Os cultivadores cadastrados poderão ter até seis plantas de cannabis em casa e deverão renovar a licença a cada três anos. A empregada de uma agência dos Correios do bairro de Pocitos, em Montevidéu, calcula que seis pessoas fazem o trâmite por dia. Os requisitos são apresentar um documento de identidade e uma conta que indique o lugar de residência do solicitante. Essa trabalhadora se diz surpresa pelo “fácil e natural que está sendo” o processo. “O mais curioso é que a maioria dos que vêm tem mais de 60 anos”, acrescenta.
Não há estatísticas sobre a idade dos autocultivadores, um mundo clandestino que inclui várias gerações. Mas a Federação Nacional dos Cannabicultores do Uruguai confirma que os primeiros a aproveitar a mudança legislativa estão sendo os consumidores de sempre, aqueles que têm plantas há anos, estiveram sempre à mercê de uma denúncia de sua atividade ilícita e inclusive conheceram a prisão.
A maioria dos que querem cultivar maconha tem mais de 60 anos
Uma funcionária de agência dos Correios de Montevidéu
O modelo de negócio das empresas que pretendem produzir cannabis é inovador em escala mundial. O Governo avalia o investimento inicial em mais de um milhão de dólares (cerca de 2,2 milhões de reais). O retorno dependerá do preço de venda que as autoridades determinarem. “Nosso grupo é composto por empresários uruguaios vinculados ao agronegócio, que têm conhecimentos de cultivos protegidos (em estufa), com 40 anos de experiência como floricultores”, afirma Rafael Rünnitz, que trabalha em uma das empresas que se apresentaram à licitação, e que pede não mencionar o nome da companhia.

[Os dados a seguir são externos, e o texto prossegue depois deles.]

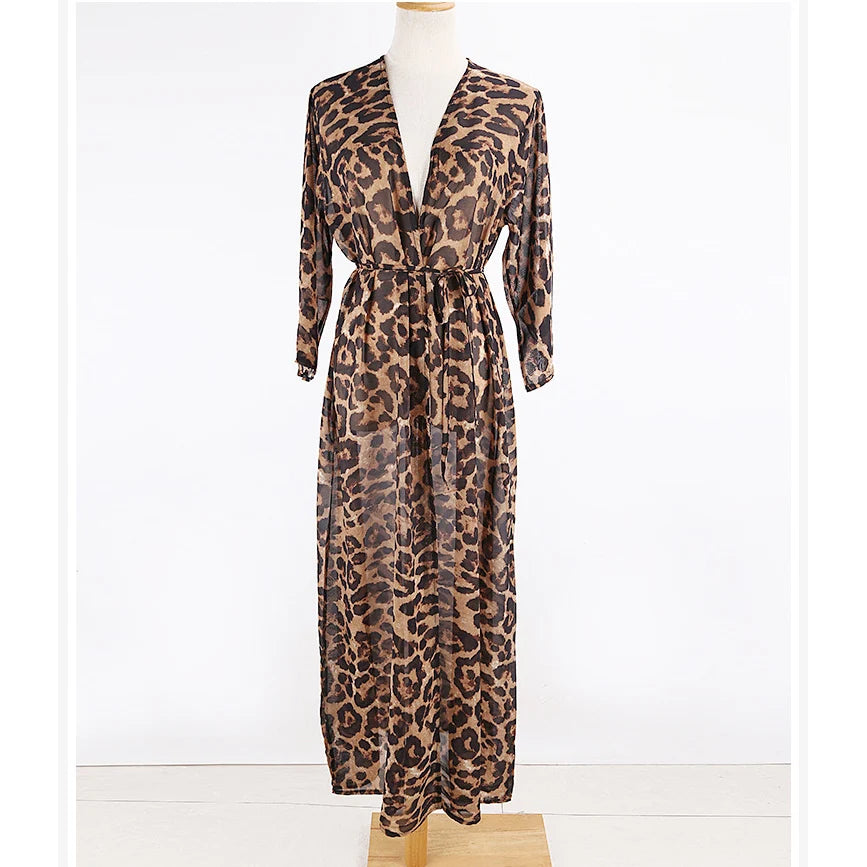 Elegant Leopard Printed Beach Cover Up, Long Dress Crafted from Lightweight Chiffon, Polyester Material with Leopard Pattern, True to Size Fit, Perfect for Women and Adult Age Group, In Stock with Free Shipping, Brand New Condition, Ideal for Seamless Transition from Beach to Café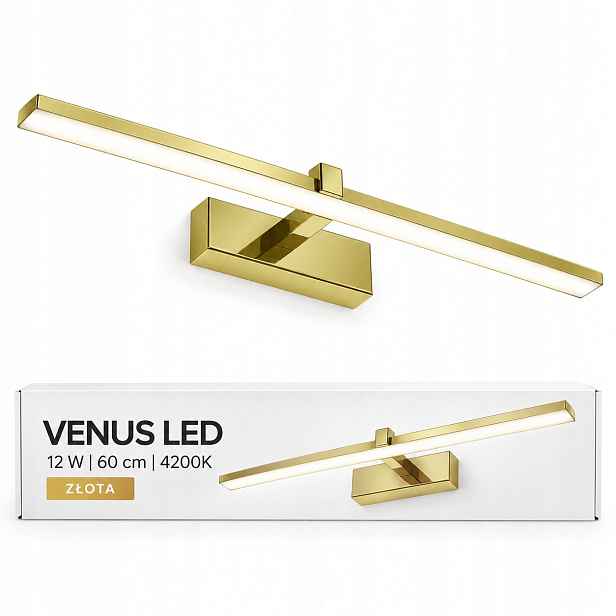 Venus zlaté nástěnné svítidlo 12W 60cm Led do interiéru 840lm 4200K IP44 na zeď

A empresa trabalha com vários cenários de rentabilidade. Se o Governo fixar o grama de maconha a 0,6 centavos de dólar, seria possível recuperar o investimento em um prazo de 10 a 14 meses, afirma Rünnitz. O objetivo das autoridades é manter os preços abaixo do que é cobrado no mercado negro.
Uma das preocupações do setor é a segurança. Existe temor de ataques por parte do narcotráfico, de modo que algumas propostas incluem o transporte da maconha em caminhões blindados como os que levam o dinheiro dos bancos.

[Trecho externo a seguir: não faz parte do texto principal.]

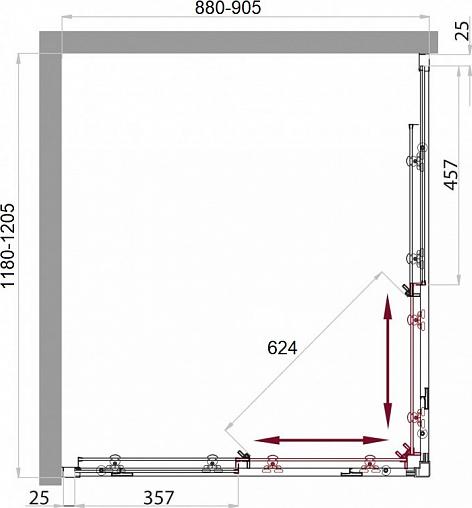 Душевой уголок BelBagno SELA-AH-2-120/90-P-Cr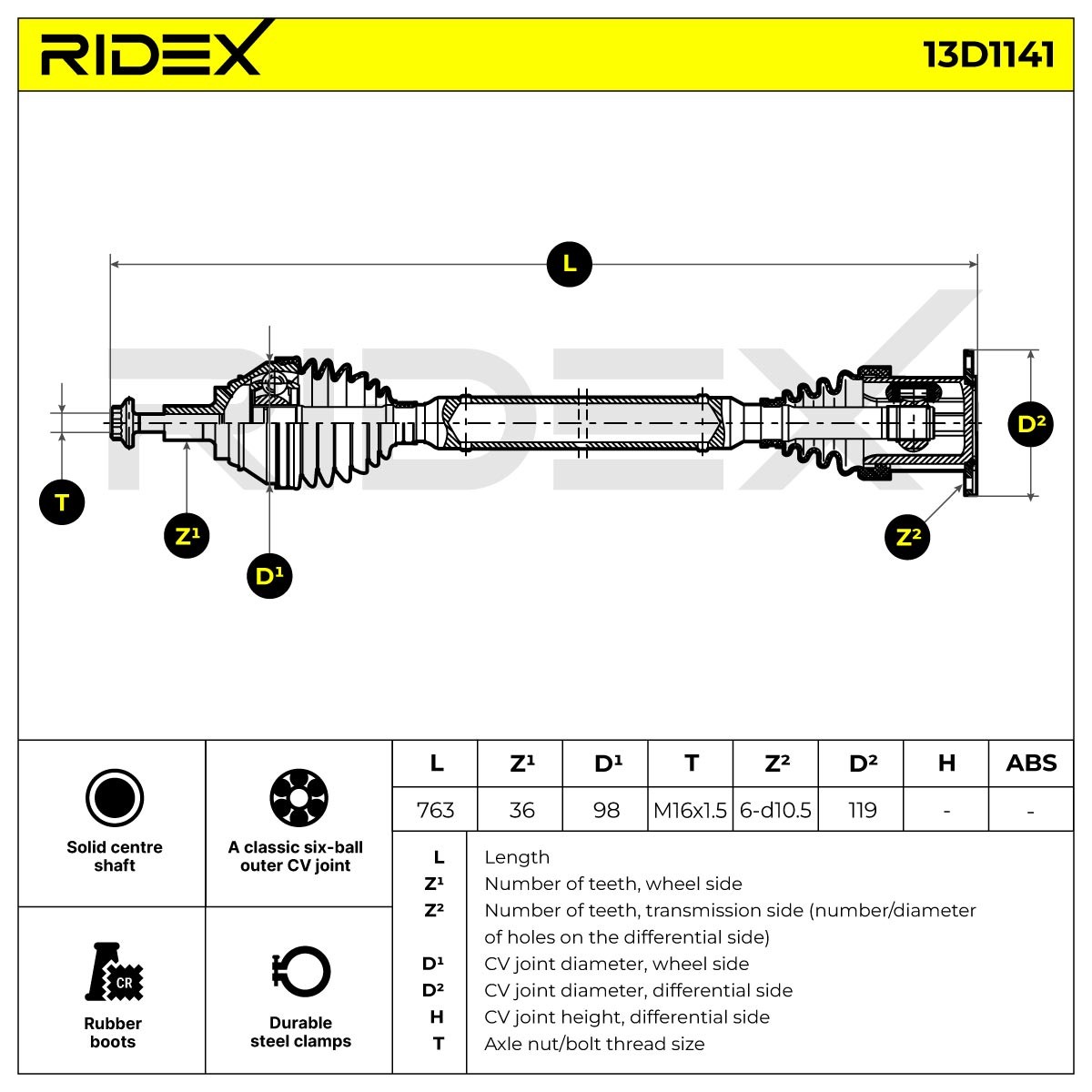RIDEX 13D1141 Drive shaft 5Q0 407 762 HX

De forma alguma é um ‘não tô nem aí’. Melhor que esconder a realidade é tratar de conduzi-laJosé Mujica em plena campanha eleitoral
O investimento de outra das empresas uruguaias que pretendem cultivar a cannabis supera amplamente o milhão de dólares, e não prevê lucros antes dos cinco anos, indica seu coordenador, Gastón Rodríguez. Enquanto algumas empresas projetam várias colheitas anuais, o seu “é um modelo de negócio de produção contínua”, que consiste em “um ciclo permanente de trabalho e colheita, acumulando maconha para poder entregar a cada 15 dias, como exigem as autoridades”, afirma. “Está em jogo toda a indústria que pode estar por trás da planta em nível mundial. Se isso fracassar no Uruguai, dificilmente se repetirá em outros países”, opina Rodríguez.

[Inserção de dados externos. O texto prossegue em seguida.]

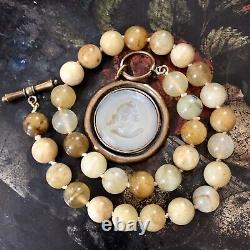 EXTASIA Hand Pressed German Opalescent Glass Intaglio Cameo Agate Beads Necklace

A implementação da lei avança passo a passo e sem contratempos, em um país onde 65% da população é contra a legalização da maconha, segundo uma pesquisa de opinião realizada em julho. Em plena campanha eleitoral, o presidente José Mujica advertiu que a medida “de forma alguma é um ‘não tô nem aí’”, e que “melhor que esconder a realidade é tratar de conduzi-la e capturar a tempo os efeitos mais nocivos que ela tem. Espero que algum dia o país possa compreender isso”.